Klaus is a show-don't-tell kind of teacher. So she has us each find a partner we don't know and stand back to back. When she blows the whistle, one of us has 45 seconds to tell three things about our work that we're proud of. She blows the whistle again and we switch.
Her assessment? We were too shy and dull. Klaus's drama degree and her time spent in Hollywood come in handy as she mocks our body language. Why are we so inhibited? Like a talk-show host, this petite powerhouse of a woman weaves her way between the tables to find out what words we associate with bragging: "arrogant," "boring," "a person who takes credit but didn't do the work," "obnoxious." Several say that as girls, they were cautioned to keep quiet about their accomplishments or the boys wouldn't like them.
Klaus uses the word brag "because there's a visceral reaction," she told me earlier in an interview. But then she redefines it: "Talk about your accomplishments in a storylike manner," she says, "using memorable tidbits expressed with delight, enthusiasm, and passion."
She picks someone from the back of the room. After a few "ums," Jennifer proceeds to tell us her title and how she manages a wonderful team. We applaud, but the point has been made: Most of what she says in that 45 seconds isn't memorable. Then Peggy and Jennifer leave the room for a five-minute tutorial.
When Jennifer returns, she might as well be wearing an evening gown and walking up to accept an Oscar, she's so confident. She smiles and moves comfortably as she tells us the story of starting her job at an investment firm on a day that the market had crashed. All she could do was hand out sandwiches to co-workers who were tied to the phones. Now she leads 10 people, she says, and has built up mutual trust so that they've been able to do a terrific job.
Jaws drop. We give Jennifer a standing ovation and Klaus wraps her in a huge hug. "Did anyone think she was bragging?" Klaus asks, her tone of voice implying she means the old definition of bragging. "No!" we shout back.

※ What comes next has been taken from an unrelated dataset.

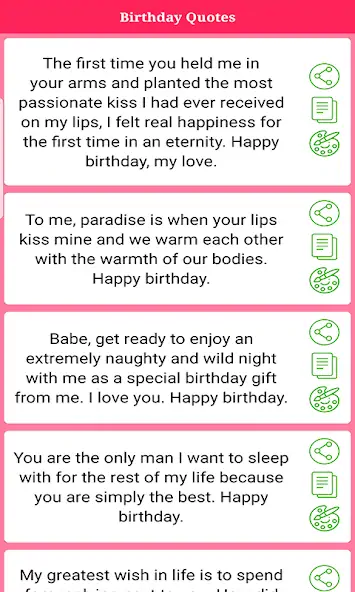 Скачать Birthday Wishes and Messages [Разблокированная версия] на Андроид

Finally, Klaus lets us in on what she taught Jennifer. When people get nervous, they stiffen up and lose eye contact. So to communicate dynamically when you're introducing yourself to a group or asking your boss for a promotion, you have to practice (in private) by exaggerating everything. This is where our crazy lunch soliloquies come in. She literally calls this method "OTT" - over the top.
You also have to know what you want to say. She suggests taking stock of your accomplishments and skills to create "brag bites" - memorable gems that will come in handy when you're tempted to rattle off a bunch of plain sentences that start with "I." Depending on how much time you have, you can weave these into different stories, or "bragologues."
Our final task is to pair up with our original partners and practice a mini-bragologue. It turns out to be not so uncomfortable, especially because the vibe from going OTT still lingers. I imagine it will be much more difficult to put into practice with people I actually know. But Klaus tells of many e-mails and calls from people wanting to give her partial credit for their promotions. She's been doing the workshops for nearly two years and recently published "Brag! The Art of Tooting Your Own Horn Without Blowing It."
My table mates leave with big smiles and a certain momentum. "From her I finally know that I can walk into my manager's office and say, 'Here is why I want to do this and here's what I've done,' " says Ethel Woodard, who works at FleetBoston Financial.
As for me, I've been so busy writing newspaper stories that I haven't gotten very far yet on my brag-packed story that will surely win me a raise.
(If my editors leave that ending in, it must be because they think I'm joking. Maybe I should get a whistle.)